OK on page 10025 it talks about the above “test.”
Now if I’m not mistaken that is exactly what Barack Obama’s boy Tim Geithner wants to do. The same thing as he called it a “STRESS TEST’ of performance.
OK so what I am trying to tell you is that everything that the Socialist (Democratic) Party has done in the past has been a huge failure as far as jump starting the economy. This time will be no different.
But here is the big difference between Barack Obama and Bill Clinton:
Bill Clinton’s mandate gambled with investor’s money and the public’s savings (401K and IRAs) and lost.
Barack Obama’s mandate is gambling with all of the countries Tax Payer Dollars for generations to come in the future and will lose again. A much much greater amount of people’s lives are at stake here and in these numbers a Tax Payer Revolt is not out of the realm of reality.

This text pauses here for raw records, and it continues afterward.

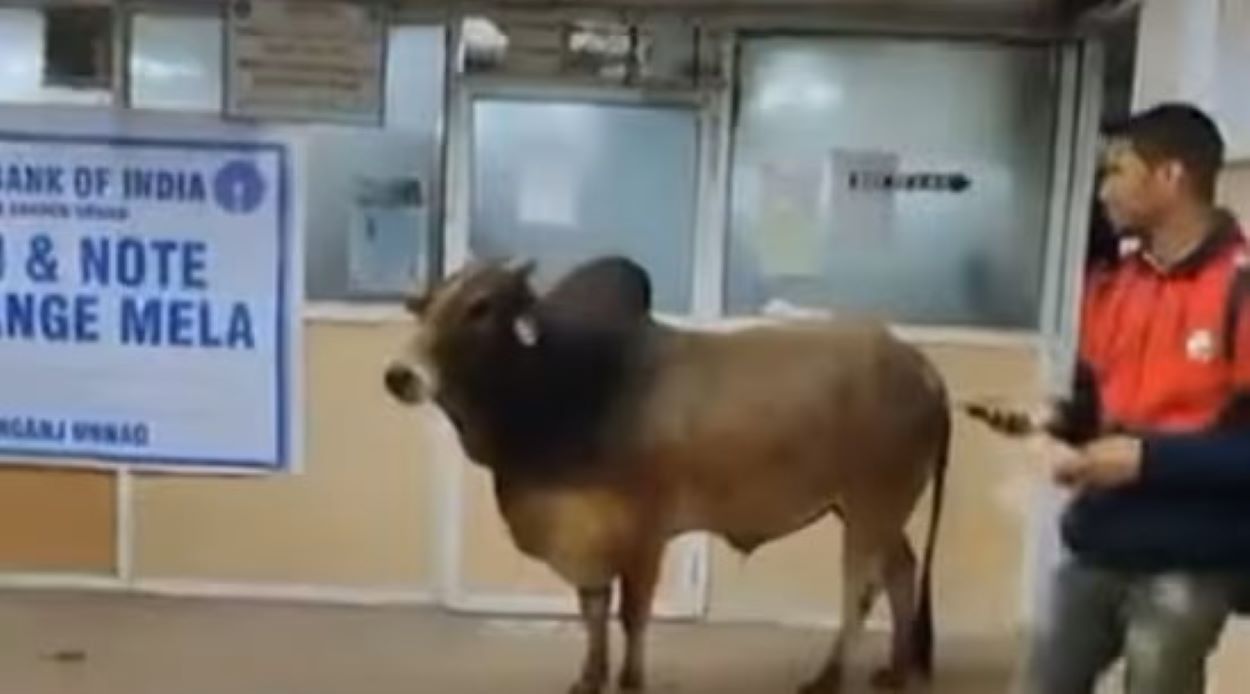 Bull in The State Bank of India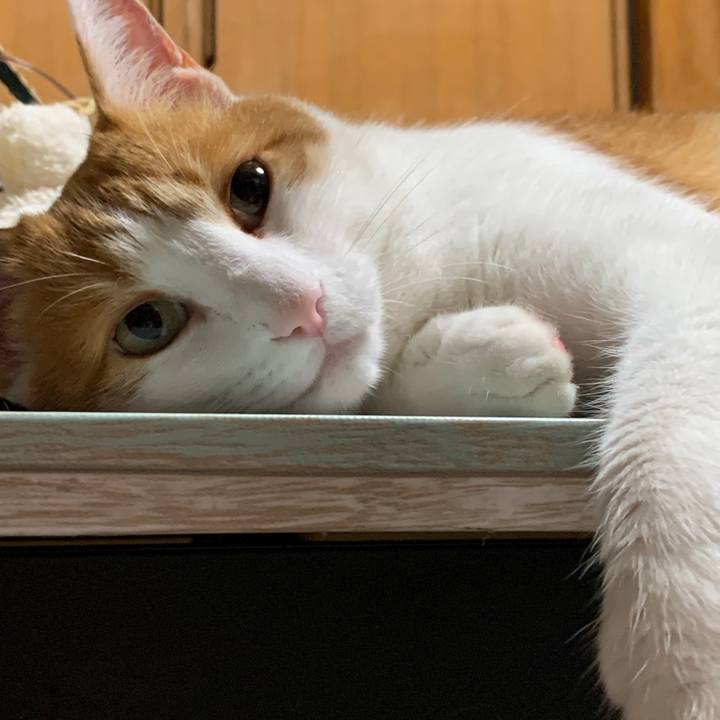 F6bdcb0d 5160 427e bb28 a8a37f33d4e2 1595627537859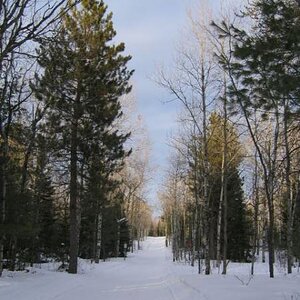 IMG 7781
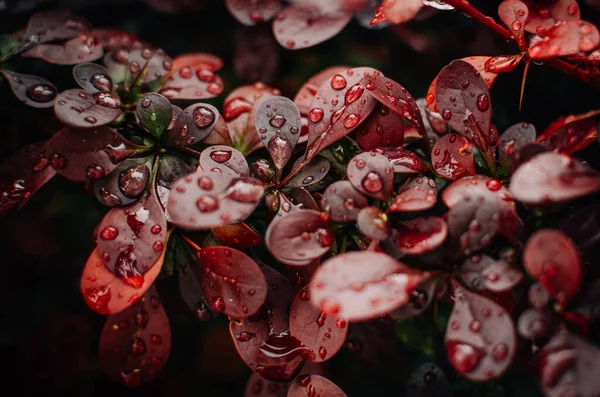 Yağmur sonrası yapraklara yağmur damlaları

And one final thing. A am just as upset with George W. Bush to have even offered a TARP program to begin with. It just gave the Socialist (Democratic) party an excuse to make business and individuals highly dependent on the Federal Government to survive when they gained power by creating a “Land of Entitlement.” out of the United States of America.
I will be best to say that I know you never even read all 1000 plus pages of that “Spendulas” package as I know you did not have the time as did none of the other people that voted for it.
Senator Boxer I can only hope that you sleep well at night not understanding what you voted for in this “Spendulas” package that Barack Obama and the Socialist (Democratic) party rammed down the throat of the citizens of the United States.
Thanks you,
ST
P.S.
I have been writing to Senator John Mc Cain about this as I do not have any representation what so ever in the State of California.